Conservative MP Michelle Rempel Garner says she will not run in the race to replace Alberta Premier Jason Kenney, characterizing his United Conservative caucus and party as rife with anger, intrigue and implacable division.

Rempel Garner said in a social media post Thursday that she has the willingness, experience, fundraising and popular support to take a serious run at the job, but questioned how she could repair the profound rifts while preparing for a provincial election next spring.

“In the hundred-plus conversations I’ve had with folks close to the situation over the last week, my key takeaway was that the acrimony that led up to Jason’s leadership review is still raw,” wrote Rempel Garner.

“A clear division exists,” she added.

“(There are) those who don’t want the former leadership team to retain any hold on power and those who are part of the former leadership team and want to entirely maintain the status quo.

“Neither of these positions are tenable.

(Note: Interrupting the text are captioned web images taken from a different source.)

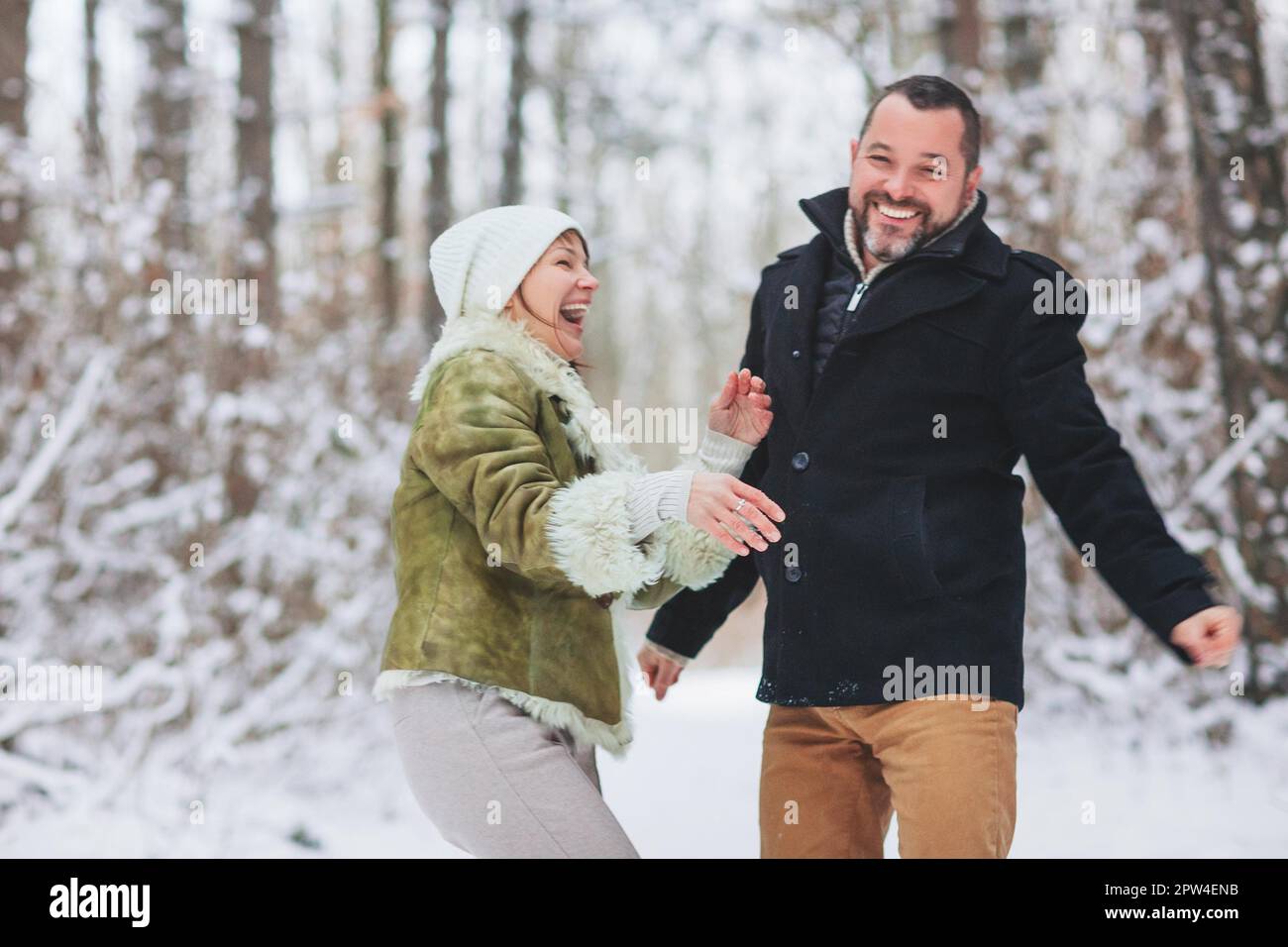 Schönes, glückliches Familienpaar mittleren Alters, das im Winter zusammen Spaß im Freien hat, einen Spaziergang durch den verschneiten Wald mit einem Lächeln, angezogen Stockfoto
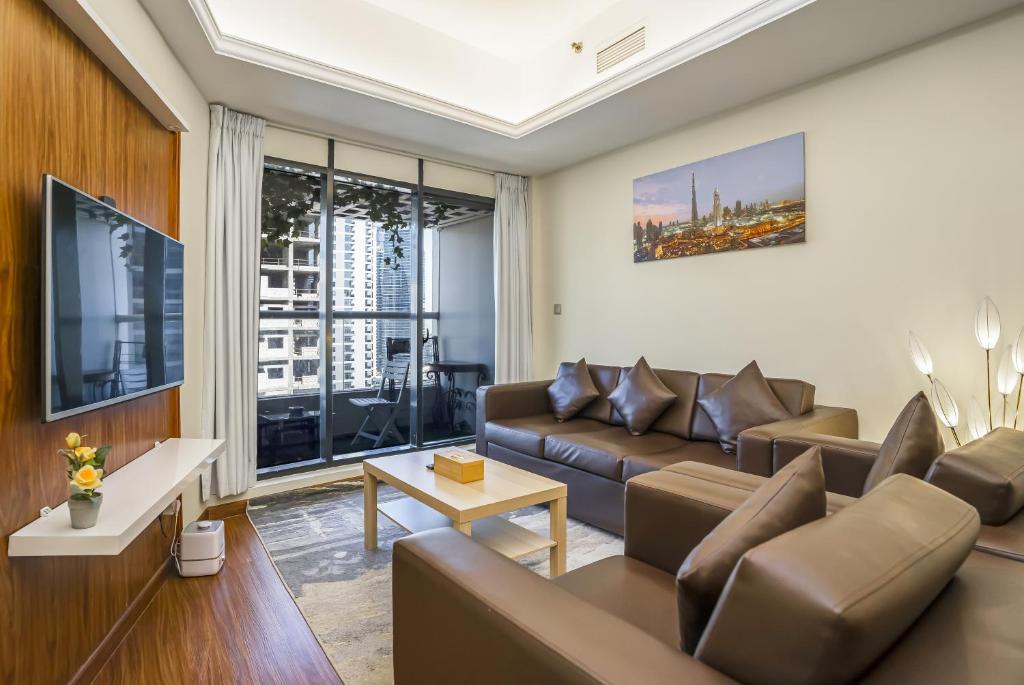 a living room with a couch and a table at ZAPBED House - AWP 1501 in Dubai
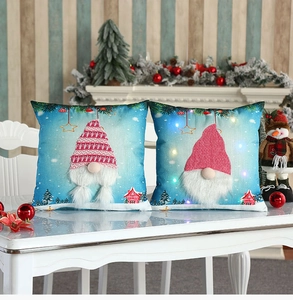 Close-up of LED glowing Christmas gnome pillow cover with cozy embroidery details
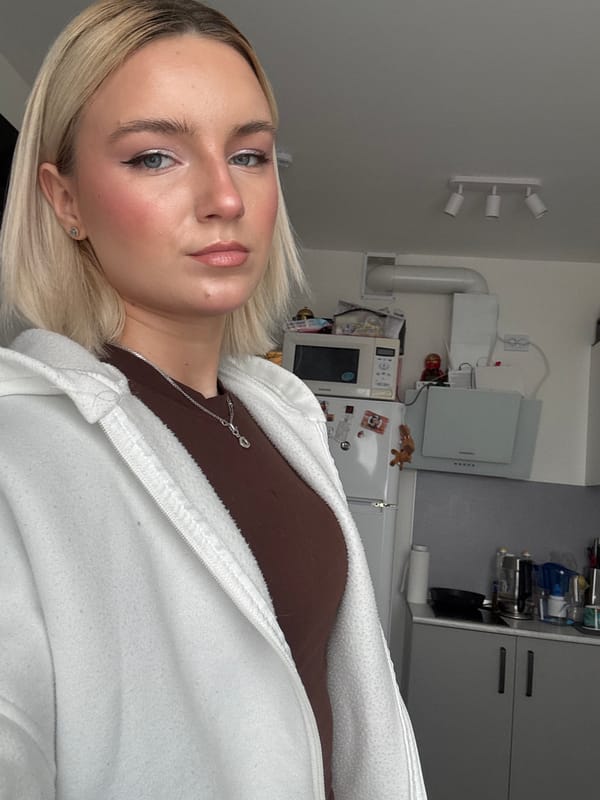 Woman photographed in kitchen setting in Russia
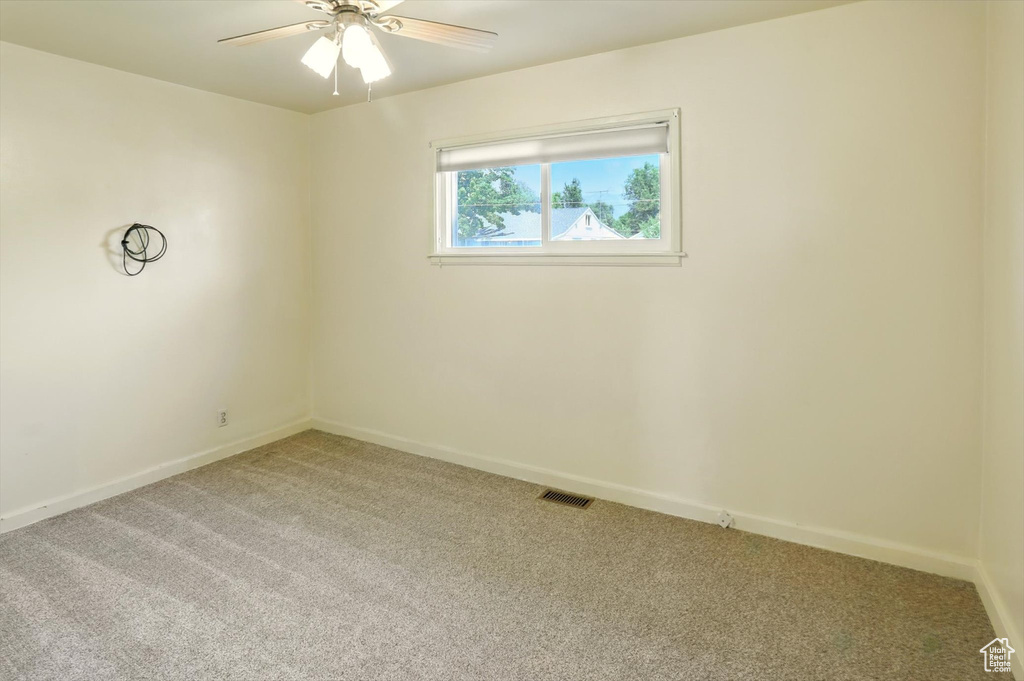 Unfurnished room featuring light carpet and a ceiling fan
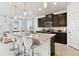 Bright kitchen features an island with bar seating and stainless steel appliances, with sightlines to the living area at 1409 Tropical Oasis Ave, Plant City, FL 33565
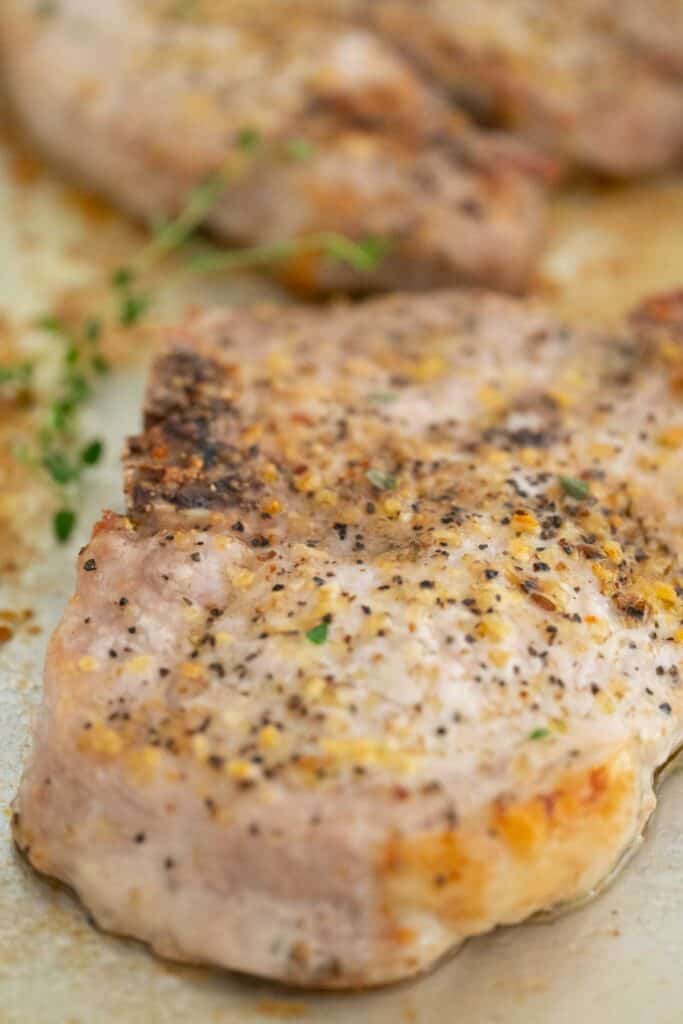 baked pork chop with thyme sprigs on pan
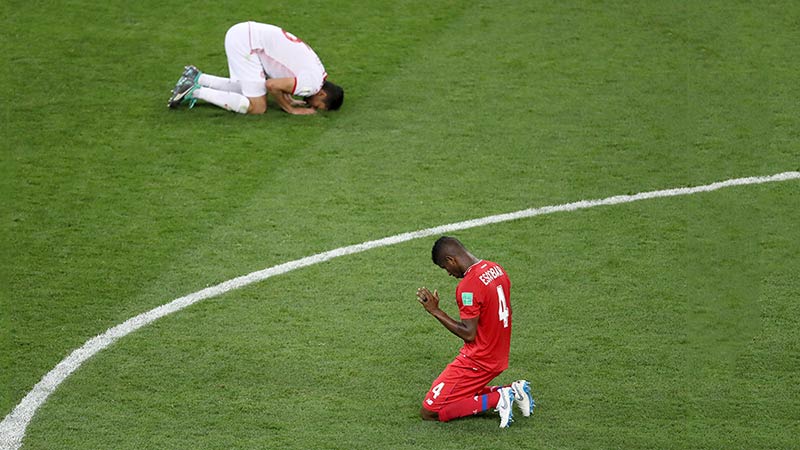 Panama's Fidel Escobar and Tunisia's Rami Bedoui after Tunisia won its first ever World Cup match today in Russia. Pic: Getty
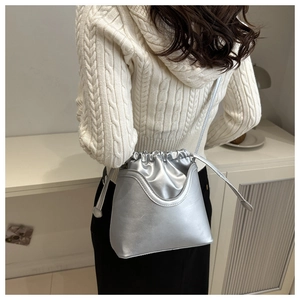 Silver metallic drawstring bucket bag shown worn crossbody over a beige sweater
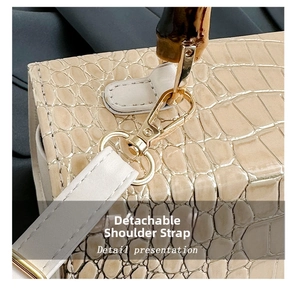 Detail of the golden metal buckle and faux crocodile leather texture on the handbag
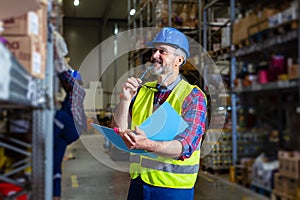 Warehouse manager writing on clipboard in a large warehouse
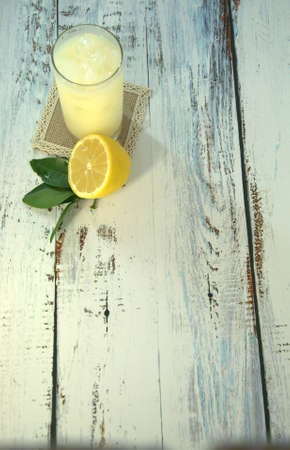A glass cup with a refreshing juice and ice, on a textile stand and cut half of a lemon with leaves lies on a white wooden table. Close-up.の写真素材
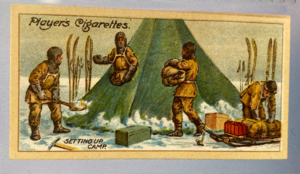 Image of CIGARETTE CARD, Second Series no.10 Unpacking Sledge and Setting up Camp, one of a collection of cigarette cards detailing Polar Exploration DUNIH 2022.18.35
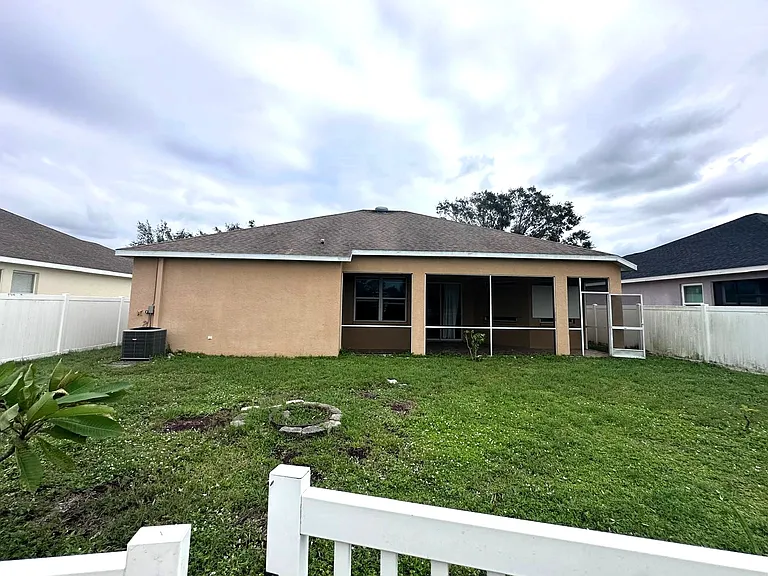 large fenced back yard with screened in Lanai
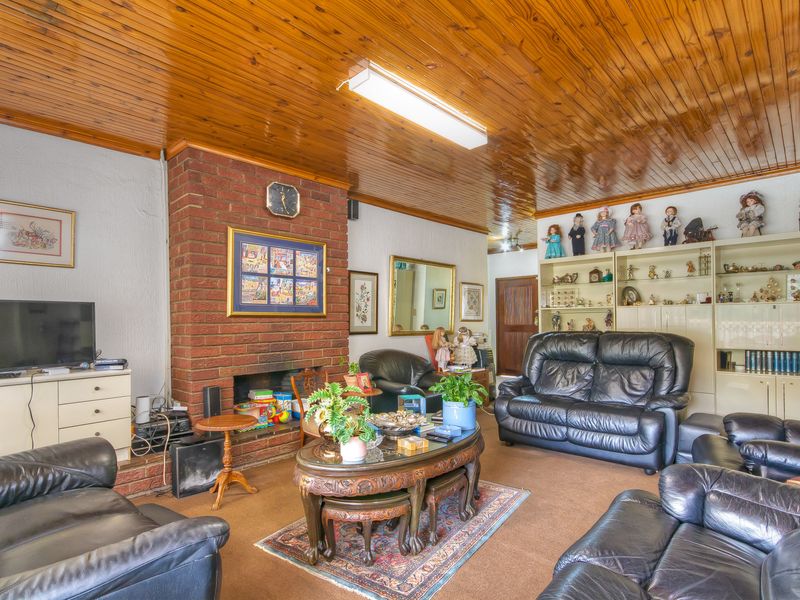 PRICE REDUCED....LARGE SECURE 8 BEDROOM FAMILY HOME AND A WORK FROM HOME OFFICE...A MUST TO SEE.... - Photo 6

The public has no sympathy for it, either.”

She said, “No one I talked to felt there was a simple policy vision that could inspire the team enough to easily overcome this division in a short period of time.”

Rempel Garner, the MP for Calgary Nose Hill, announced on Twitter last week she was seriously considering a run for the job, stepping aside as campaign co-chair for Patrick Brown’s federal Conservative leadership bid to do so.

She said the capstone on her decision came earlier this week when it was learned that several United Conservative caucus members, some of whom she has long friendships with, fought against granting her a waiver on her lapsed party membership card to allow her to run.

@MichelleRempel bows out of running for #Alberta #UCP leadership, citing caucus divisions. #ABPoli

"And while the waiver was granted, and I didn’t take any of this stuff to heart, my suspicions about what I’d be in for from caucus if I became leader were validated," she wrote.

Rempel Garner said the problems she is seeing in the UCP mirror problems in the federal Conservative party as it recently cycled through leaders Andrew Scheer and Erin O’Toole.

“In both parties there have also been squabbles that have erupted in the pages of national media: public meltdowns, nearly missed physical fights, coups, smear jobs, leaked recordings and confidential emails, lack of consensus on critical issues, caucus turfings, people harassed to the point where they resign roles, and hours-long meetings where members have been subjected to hours of public castigation,” she wrote.

“In virtually every other workplace much of the stuff that has happened would be treated as a violation of labour codes, but in politics it's considered Human Resources 101.”

Kenney announced last month he was stepping down as UCP leader and premier after receiving just 51 per cent support in a party leadership review.

The vote followed more than a year of public attacks and sniping within Kenney’s caucus and party over his performance as leader.

Kenney has blamed critics he said never forgave him for limiting public freedoms to reduce the spread of COVID-19. Others, including caucus members, said he ran an arrogant, exclusionary, top-down and tone-deaf administration that was too deferential to Prime Minister Justin Trudeau’s federal government.

Kenney will step down when a new leader is chosen Oct. 6.

There are eight candidates who have announced they are running, including four former Kenney cabinet ministers.

One of those candidates, former Wildrose party leader Danielle Smith, wrote on Twitter, that many Rempel Garner’s concerns regarding the UCP are valid.

“Unity cannot be an empty phrase demanded by the status quo or a single party leader," Smith wrote. "It must be earned through policy that rebuilds trust, especially among our middle class."

The United Conservative Party formed in 2017 when the Progressive Conservatives under Jason Kenney and Wildrose Party joined forces.

Kenney was named the inaugural leader and the party won a majority government in 2019.